И поглядел ей прямо в глаза.
— Благодарствую, — отвечала она.
— Ветер принес его ко мне, — повторил я. — Почему бы не счесть это добрым предзнаменованием? У вас, англичан, есть пословица: «Плох тот ветер, который никому не приносит добра».
— Что ж, — с улыбкой отвечала она. — Услуга за услугу. Посмотрим, что у вас есть.
Она последовала за мною к моим изделиям, разложенным за пушкой.

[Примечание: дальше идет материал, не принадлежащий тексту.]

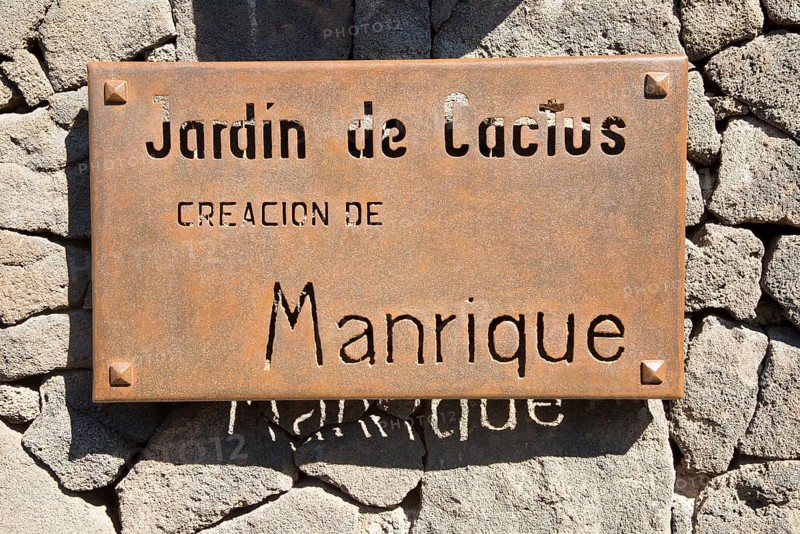 Sign for Jardin de Cactus designed by César Manrique, Guatiza, Lanzarote, Canary Islands, Spain, Europe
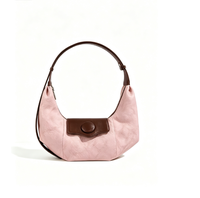 Tas Retro Hobo Crescent untuk Wanita, Tas Selempang Bahu dengan Blok Warna Kontras, Tas Tangan Bertekstur Lembut dengan Tali yang Dapat Dilepas.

— Увы, мадемуазель, — произнес я, — я не слишком искусный мастер. Вот это должно изображать дом, но, видите, трубы у него покосились. А вот это при очень большой снисходительности можно счесть за табакерку, однако вот тут рука моя сорвалась! Да, боюсь, что во всех плодах моего рукомесла вы обнаружите какой-нибудь изъян. На моей вывеске надобно написать: «Продажа вещиц с изъяном». У меня не лавка, у меня музей всяких забавностей. — Я с улыбкой поглядел на свои разложенные напоказ изделия, потом на нее и мгновенно стал серьезен.
— Не правда ли, странно, — прибавил я, — что взрослый человек, солдат, принужден заниматься подобным вздором, что тот, чье сердце исполнено печали, измышляет пустяки, на которые другим весело глядеть?
В эту самую минуту резкий голос окликнул ее по имени — «Флора!» — и она, что-то наспех купив, присоединилась к своим спутникам.
Через несколько дней она пришла опять. Но прежде расскажу вам, отчего она появлялась а крепости так часто. Ее тетушка была из тех несносных старых дев-англичанок, о которых так наслышан свет, и поскольку делать этой особе было решительно нечего и она знала два-три слова по-французски, в ней, по ее собственному выражению, пробудился интерес к пленным французам. Дородная, шумная, уверенная в себе, она расхаживала по нашему базару и держалась уж до того покровительственно и снисходительно, что просто терпения не было. Она и в самом деле покупала много и платила щедро, но при том так бесцеремонно разглядывала нас в лорнет да еще разыгрывала перед своими спутниками роль гида, что мы по праву не испытывали к ней ни малейшей благодарности. За ней всегда тянулась целая свита
— скучные и подобострастные старые господа или глупые хихикающие девицы, которые принимали каждое ее слово как откровение.
— Вот этот очень ловко режет по дереву. А ведь правда, смешной — бакенбарды-то какие? — говорила она.
— А вон тот, — и лорнетом в золотой оправе она указывала на меня, — настоящий оригинал.
И можете мне поверить, что оригинал, слушая это, скрипел зубами. Она имела обыкновение затесаться в толпу и, кивая на все стороны, обращаться к нам, как ей казалось, по-французски.